REPUBLIKA.CO.ID, JAKARTA – Sebanyak sembilan pemerintah kota dan kabupaten di Indonesia menandatangi nota kesepahaman untuk pengembangan destinasi wisata halal bersama Kementerian Pariwisata. Sembilan daerah tersebut merupakan daerah potensial baru yang akan didorong untuk menerapkan standar wisata halal Indonesia Muslim Travel Index.
Ke sembilan daerah itu yakni Kabupaten Bandung Barat, Kabupaten Cianjur, Kabupaten Bandung, Kabupaten Malang, Kota Malang, Kota Batu, Kota Tanjung Pinang, Kota Bandung, Kota Pekanbaru.
Menteri Pariwisata, Arief Yahya, mengatakan, nota kesepahaman tersebut digunakan pemerintah pusat untuk mengawal daerah mengimplementasikan IMTI. Adapun empat kriteria dalam IMTI yang harus dilakukan untuk meningkatkan kualitas industri pariwisata halal yakni aksesibiltas destinasi, komunikasi, lingkungan, dan jasa layanan wisata.
“Basisnya adalah IMTI, maka pemerintah pusat bersama Majelis Ulama Indonesia harus mengawal daerah.
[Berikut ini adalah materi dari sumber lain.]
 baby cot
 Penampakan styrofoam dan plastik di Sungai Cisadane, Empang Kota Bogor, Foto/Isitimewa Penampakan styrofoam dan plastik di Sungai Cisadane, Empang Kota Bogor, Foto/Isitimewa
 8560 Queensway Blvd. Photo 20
Pengalaman kita, kalau tidak ada MoU itu akan lepas,” kata Arief kepada Republika.co.id di Hotel Bidakara, Jakarta, Selasa (9/4).
Selain meneken nota kesepahaman bersama pemerintah kota dan kabupaten, Kemenpar juga menandatangi nota kesepahaman bersama tujuh pemerintah provinsi. Di antaranya yakni Provinsi Riau, Kepulauan Riau, Sumatra Barat, Jawa Barat, Jawa Timur, dan Sulawesi Selatan. Diharapkan, pemerintah provinsi mendukung implementasi IMTI di masing-masing wilayah.
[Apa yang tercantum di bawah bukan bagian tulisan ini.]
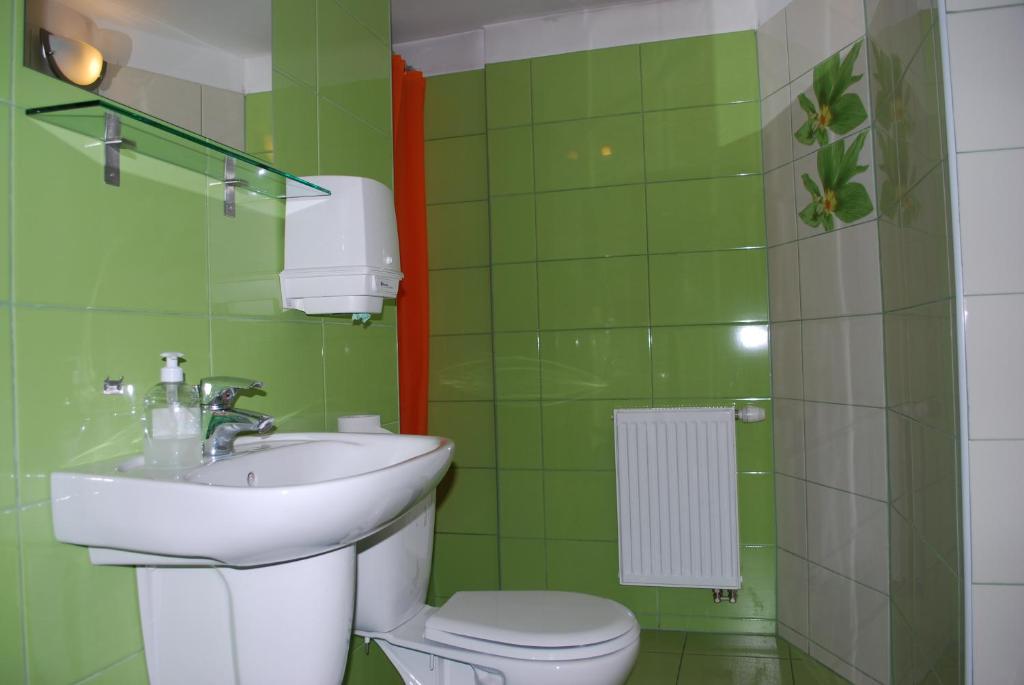 Koupelna v ubytování Jopi Hostel Katowice Centrum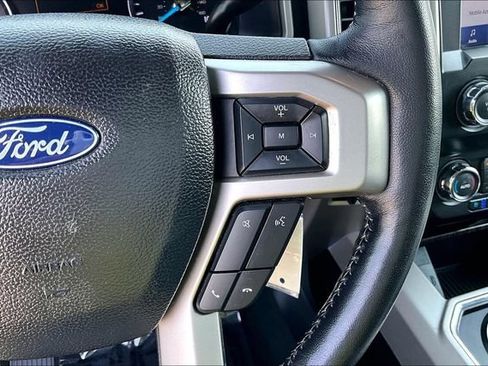 Used 2021 Ford F250 Lariat w/ Lariat Value Package AWD/4WD image 19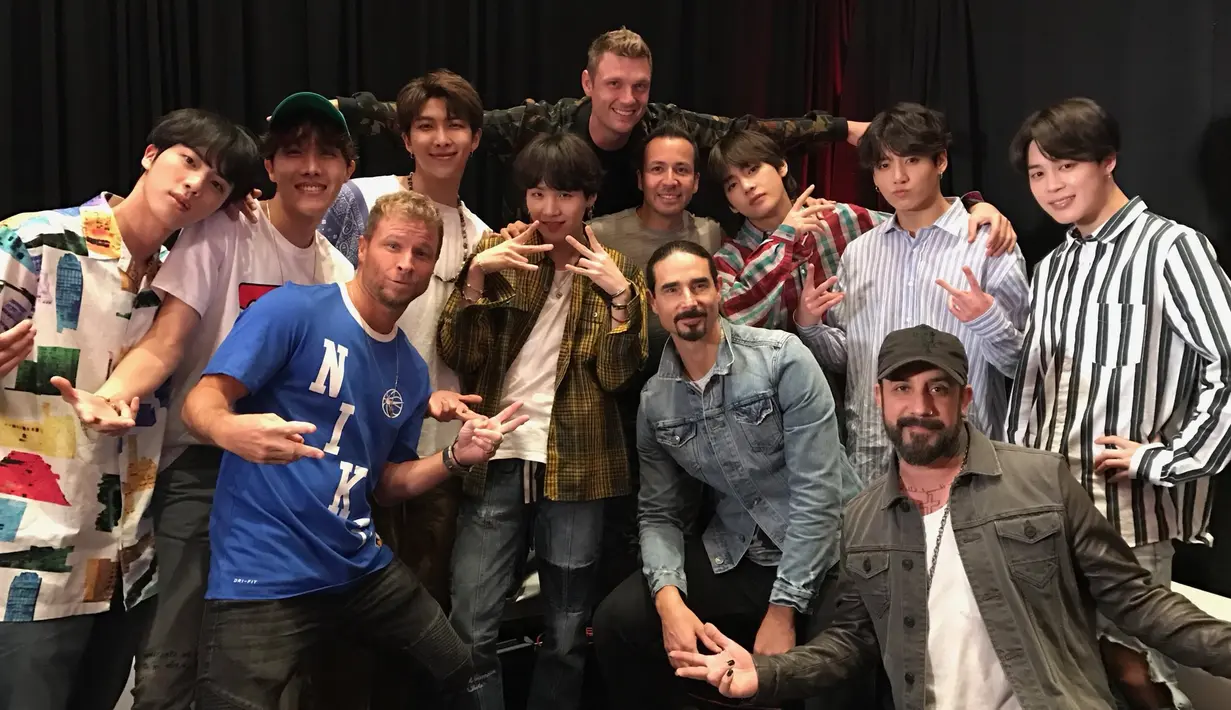 Usia BTS dan Backstreet Boys memang berbeda 20 tahun, akan tetapi hal itu tak menjadi penghalang di antara mereka. Melalui akun Twitter, Backstreet Boys pun mengungggah kebersamaan mereka dengan BTS. (Foto: twitter.com/backstreetboys)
Ia menerangkan, setelah adanya nota kesepahaman bersama, pemerintah daerah akan menjadikan kesepakatan tersebut dalam menyusun kebijakan anggaran daerah untuk pariwisata. Daerah tidak didorong untuk menerbitkan regulasi tersendiri.
Sebab, kata Arief, pihaknya segera mengeluarkan aturan khusus untuk pengembangan wisata halal. Namun, kata dia, aturan itu kemungkinan dalam bentuk edaran yang bersifat tidak mengikat sehingga daerah tidak memiliki beban yang besar.
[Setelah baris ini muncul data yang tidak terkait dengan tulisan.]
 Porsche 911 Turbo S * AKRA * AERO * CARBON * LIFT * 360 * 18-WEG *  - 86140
Arief mengatakan, pemerintah siap memberikan penghargaan dan pendampingan bagi daerah yang berinisiatif untuk membangun destinasi wisata yang potensial. Menurutnya, hal itu sebagai bentuk insentif yang dapat diberikan oleh Kementerian Pariwisata.
Sementara ini, ia mengakui, kunjungan wisatawan muslim ke Indonesia dibanding ke negara-negara tetangga masih lebih rendah. Hal itu, karena belum semua kawasan wisata halal menerapkan empat aspek yang ditetapkan dalam IMTI. Adapun kendala terbesar saat ini yakni mengenai akses penerbangan dari dan menuju destinasi wisata halal.
“Padahal, 75 persen orang datang ke Indonesia menggunakan airlines,” ujarnya.
Berdasarkan hasil penilaian yang dilakukan oleh lembaga riset wisata halal internasional, CrescentRating bersama Mastercard, Indonesia menduduki peringkat pertama dalam Global Muslim Travel Index (GMTI) 2019. Arief mengakui, mempertahankan posisi Indonesia ke depan menjadi pekerjaan yang berat.
Ia menilai, hal ini harus didukung niat dan peran para kepala daerah. Arief mengatakan, seringkali, daerah yang diunggulkan memiliki penilaian yang buruk akibat tidak adanya dukungan dari daerah. “Anda tidak terlalu niat untuk menjadi pemenang. Sayang sekali punya sumber daya alam yang bagus tapi tidak jadi pemenang,” katanya.
Mengutip data Kemenpar, saat ini Indonesia memiliki 68 hotel yang telah memiliki sertifikat halal, 118 hotel dengan restoran yang tersertifikasi halal, serta 2660 hotel yang bebas dari makanan yang mengandung daging babi dan alkohol. Selain itu, Indonesia memiliki 6.333 restoran yang bersertifikat halal.
Dari 2.389 wisata alam yang ada saat ini, 755 destinasi diantaranya tergolong ramah muslim. Kemudian, 705 dari 1.260 keanekaragaman budaya nusantara ramah muslim serta memiliki 1.238 situs warisan Islam.